O lutador australiano Jake Matthews, veterano dos meio-médios do UFC, afirmou que não se apega ao polêmico desfecho de sua última luta, contra Neil Magny. O combate, realizado em 2025, teve um momento controverso quando o árbitro interrompeu a luta no fim do primeiro round, acreditando que Matthews havia finalizado Magny com um mata-leão. O australiano soltou o golpe e começou a comemorar, mas o árbitro declarou que o round havia terminado e a luta continuaria. Matthews acabou perdendo por finalização no terceiro round.

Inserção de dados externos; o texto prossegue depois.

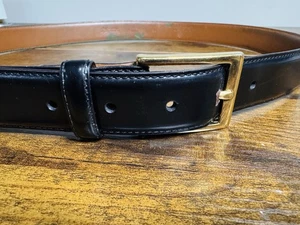 Brooks Brothers Echtleder Schwarz Herren Gürtel Made in Italy Größe 38 - Bild 1 von 10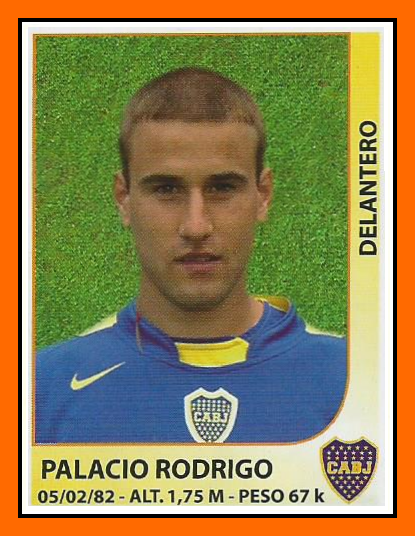 Rodrigo PALACIO - Boca Juniors Panini figurita 2005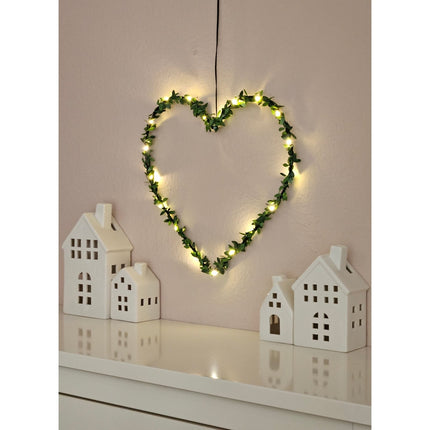 Herz Stern Fenster LED Silhouette Warmweiß Weihnachtsbeleuchtung 30cm Deko grün (Weihnachtsbeleuchtung) kaufen bei Linkreich – Jetzt entdecken!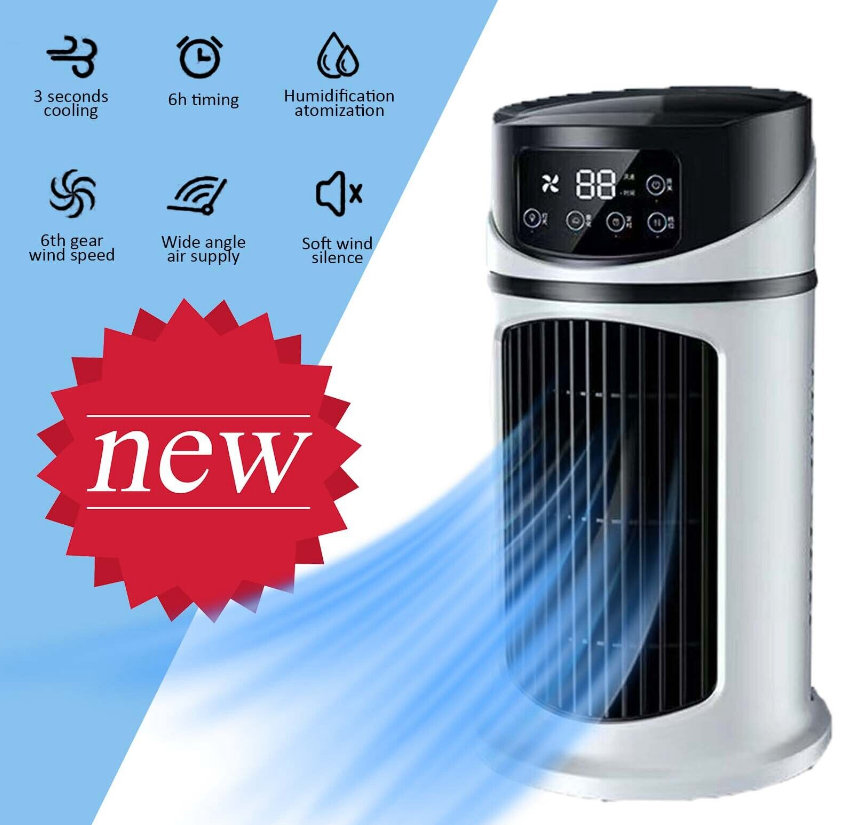 Portable USB Fan Cooling Cooler Small Desktop Air Conditioner 3In1 Air Cooler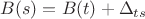 $B(s)=B(t)+\Delta_{ts}$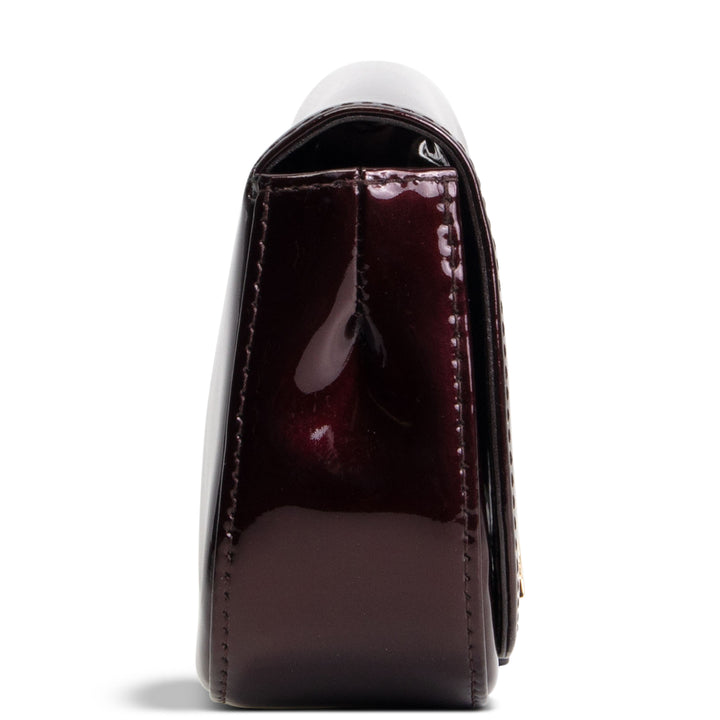 LOUIS VUITTON Patent Sobe Clutch - Amarante OUTLET FINAL SALE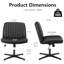 Chaises à pieds croisés sans accoudoirs Criss-124400799-124400801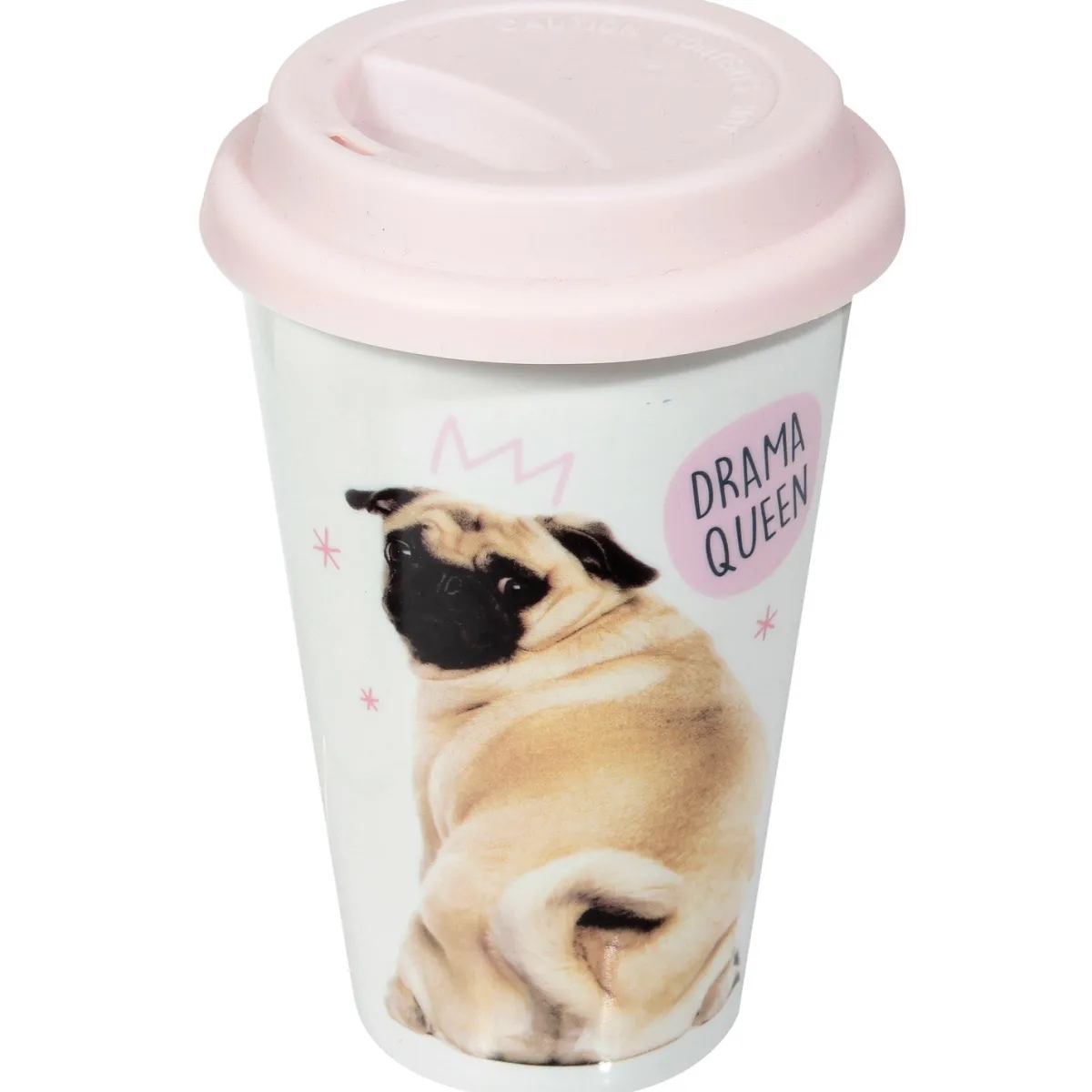 La Chaise Longue MUG TAKE AWAY CRAZY ANIMALS DRAMA QUEEN Best Sale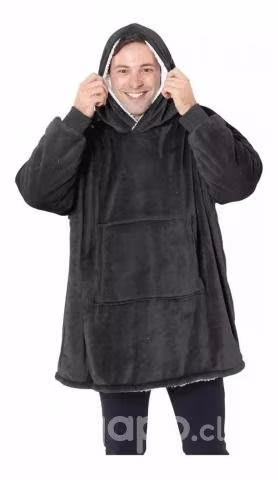 Poleron Sherpa Negro Talla Unica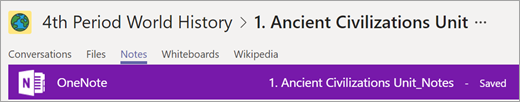 Verwenden von OneNote-Kursnotizbüchern in Teams c433ef49-c00c-47ed-8017-55fad382b0fa.png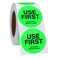 Hycodest 500 Pcs 1.5" Use First Stickers Small Stickers Circle Label Dot Labels Fluorescent Paper, Fluorescent Green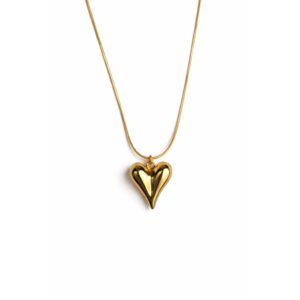 Gold Heart Pendant Necklace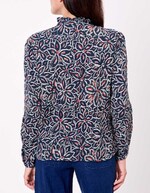 Chemise brodée gaze de coton bio imprimé La Fiancée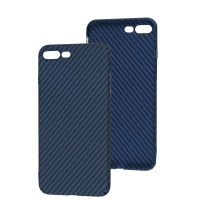 Чохол для iPhone 7 Plus / 8 Plus Carbon New blue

“Assim que a luta acabou, olhando para trás, não foi a melhor situação, mas não há como voltar e mudar as coisas”, disse Matthews. “Não temos uma máquina do tempo, então não fico remoendo isso. Não deixo que isso se torne um prejuízo para o que estamos fazendo no futuro.” O lutador de 32 anos admitiu que a sensação de alívio ao pensar que havia vencido foi intensa, mas que conseguiu se recuperar e dominar o segundo round. Ele destacou que a descarga de adrenalina após o falso término da luta foi um fator que o prejudicou fisicamente.

Matthews criticou a forma como a situação foi conduzida. “Em retrospecto, eu provavelmente deveria ter protestado e dito ‘Não!'”, afirmou. “Deveria ter seguido as regras, que dizem que a luta é encerrada, essa é a decisão, e caberia ao Neil recorrer. Mas somos lutadores: nos mandam continuar lutando e nós automaticamente continuamos.” Apesar da frustração, o australiano afirmou que não deixa o ocorrido afetar sua vida pessoal ou sua preparação para os próximos combates.

Uma das razões para Matthews conseguir superar o episódio é sua fé. O lutador, que se converteu ao islamismo em 2023, disse que acredita que tudo acontece por um motivo. “Eu fiz tudo o que pude naquela luta, e aconteceu do jeito que aconteceu. Confio no processo, confio na jornada, e é isso que me ajuda a seguir em frente”, explicou. Essa filosofia se aplica tanto à vida pessoal quanto à carreira.

Matthews retorna ao octógono neste fim de semana, em Macau, contra Carlston Harris. Inicialmente, ele enfrentaria o veterano Muslim Salikhov, que se lesionou e foi substituído. O australiano encarou a troca de adversário com a mesma tranquilidade. “Se eu estava destinado a lutar neste card, eu ia conseguir um oponente. Se não, não teria oponente. Isso me dá muito menos estresse na vida”, disse. Ele afirmou que dorme bem antes das lutas e não sente mais a ansiedade do “e se?”, confiando que o resultado está nas mãos de Deus.